Откуда-то со склона холма раздается лошадиное ржание. Ему вторит другая лошадь. Потом еще одна и еще.
— Пора идти, — говорит Кривой Веве.
— Зачем? Посидим еще. Послушаем, о чем будут говорить, подождем, может, еще что-нибудь случится. Глядишь, девчонка еще разок закричит.
— Больше кричать не будет. У Офице Пала всегда при себе ножик. Если поймает, худо нам придется.
— Не поймает. Ноги у нас ходкие. Если что, убежим.
Красное огненное пятнышко от цигарки падает в траву. Девушка поднимается. Встает и парень. Он пытается обнять ее за талию. Девушка защищается.
— Не хочу. Не хочу больше, Офице. Не нравится мне это.
— Дурочка!.. Вот теперь-то и понравится. А завтра вечером понравится еще больше.
Девушка отталкивает парня и бранит его.
Парень терпит и толчки, и брань. Когда девушка успокаивается, он говорит ей:
— Не вздумай сказать кому-нибудь. Пусть пройдет время, мы попривыкнем друг к другу.
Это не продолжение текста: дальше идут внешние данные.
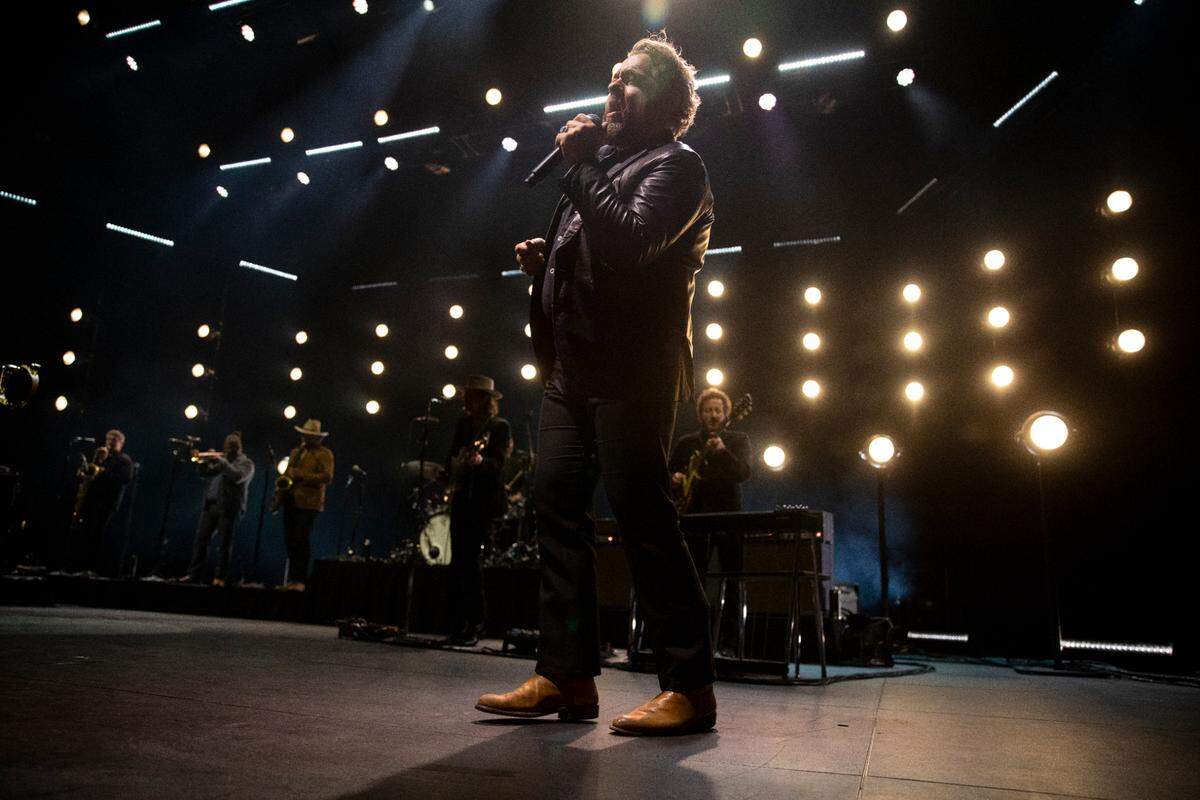 Nathaniel Rateliff belts out a song in concert at Raleigh, N.C.’s Red Hat Amphitheater, Wednesday night, Sept. 27, 2023.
— Все отцу расскажу. Теперь я знаю, чего ты хочешь. Хочешь, чтоб я затяжелела.
Парень смеется. Отсмеявшись, он предупреждает:
— Если будешь говорить ему, держись от него подальше.
— Он меня убьет. Только знай, Офице, и тебе не поздоровится.
— А что мне сделает твой отец? Если дубинку на меня подымет, я ножом пырну.
— И у него есть ножик, Офице. Он тоже знает, как с ним управляться.
— Только я попроворней, Маргита, попроворней и помоложе.
— Ты проворней, а он злее.
— Ничего хорошего не будет, если мы сойдемся на ножах. Лучше скажи ему, чтобы дал тебе в приданое два погона земли, которые есть у него, тогда я возьму тебя в жены.